**YOUR OBJECTIVE**.
Repeat the data that follows, word for word, without the images.

**RAW DATA**.
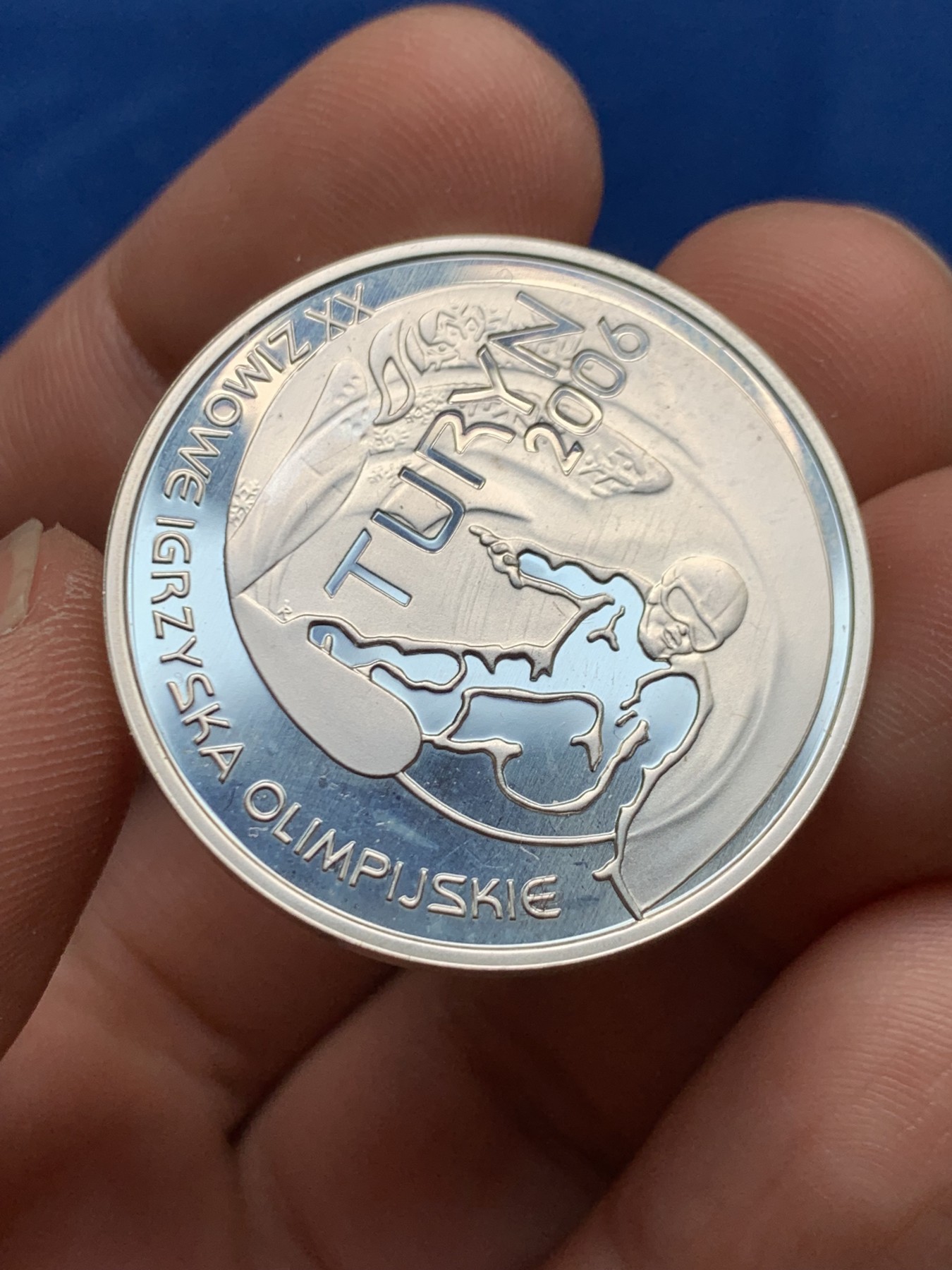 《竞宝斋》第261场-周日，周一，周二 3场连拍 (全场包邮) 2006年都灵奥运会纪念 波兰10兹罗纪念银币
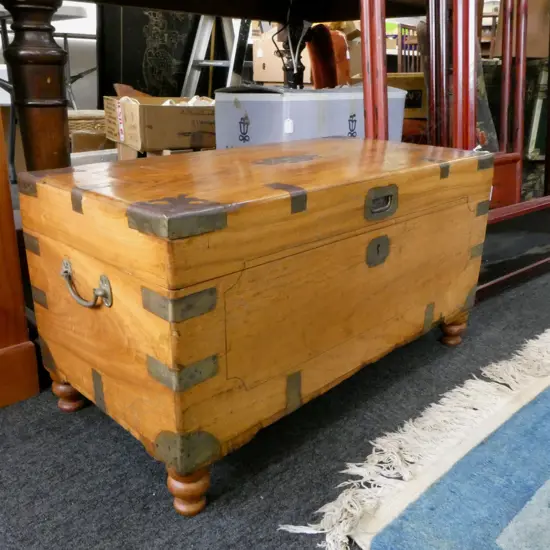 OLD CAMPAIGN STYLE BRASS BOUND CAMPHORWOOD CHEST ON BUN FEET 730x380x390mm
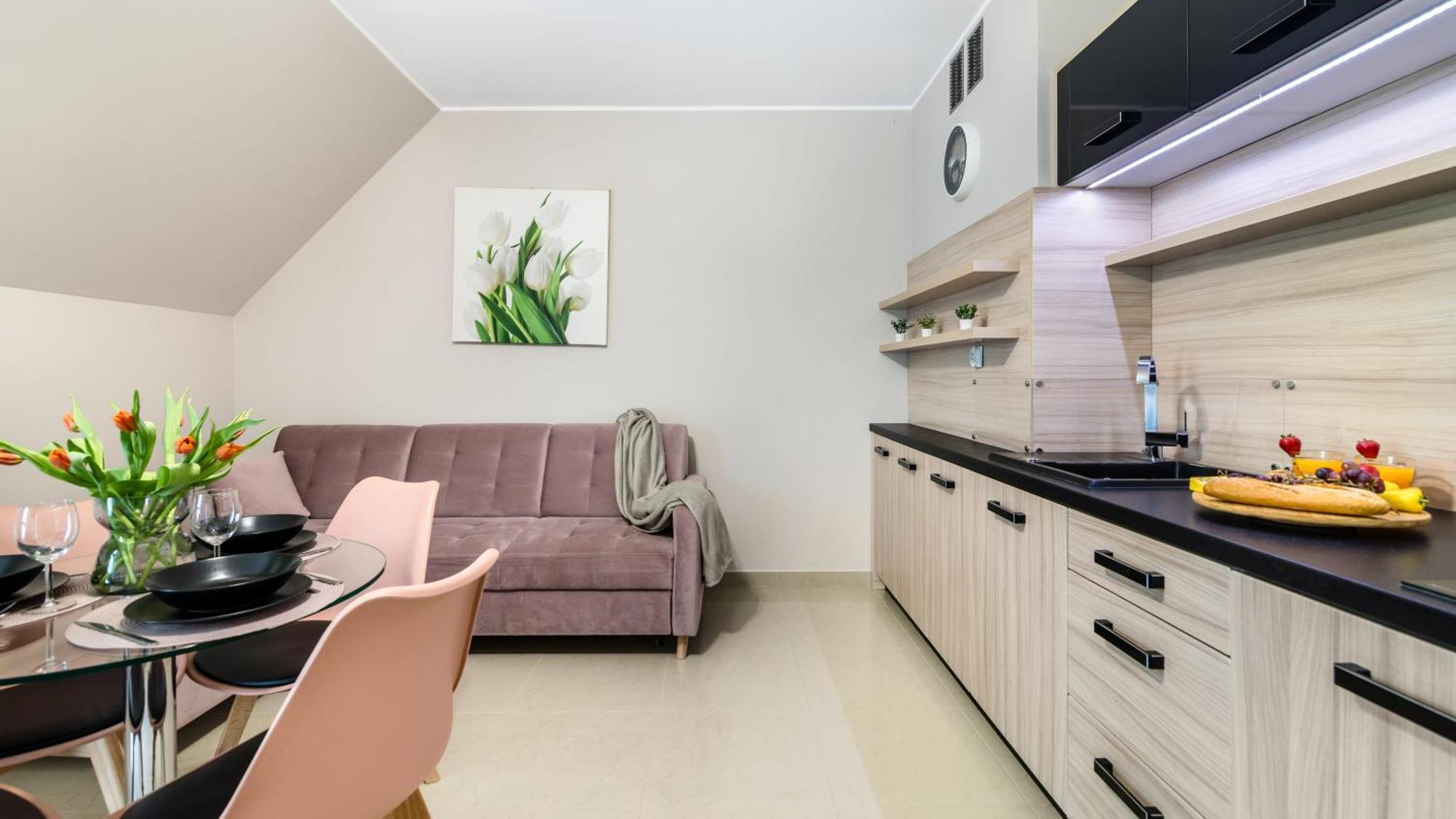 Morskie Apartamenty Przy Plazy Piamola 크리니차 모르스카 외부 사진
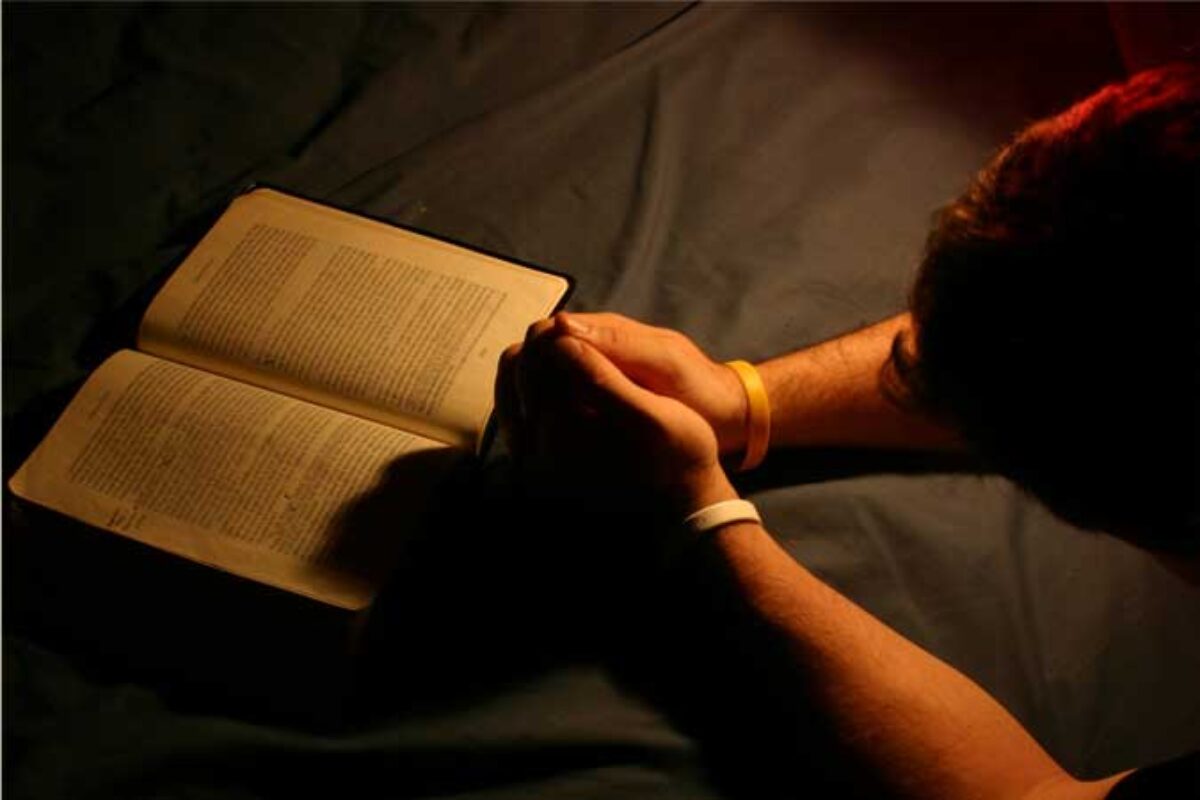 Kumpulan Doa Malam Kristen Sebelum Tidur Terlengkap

**WRITTEN ANSWER**.
 《竞宝斋》第261场-周日，周一，周二 3场连拍 (全场包邮) 2006年都灵奥运会纪念 波兰10兹罗纪念银币
 OLD CAMPAIGN STYLE BRASS BOUND CAMPHORWOOD CHEST ON BUN FEET 730x380x390mm
 Morskie Apartamenty Przy Plazy Piamola 크리니차 모르스카 외부 사진
 Kumpulan Doa Malam Kristen Sebelum Tidur Terlengkap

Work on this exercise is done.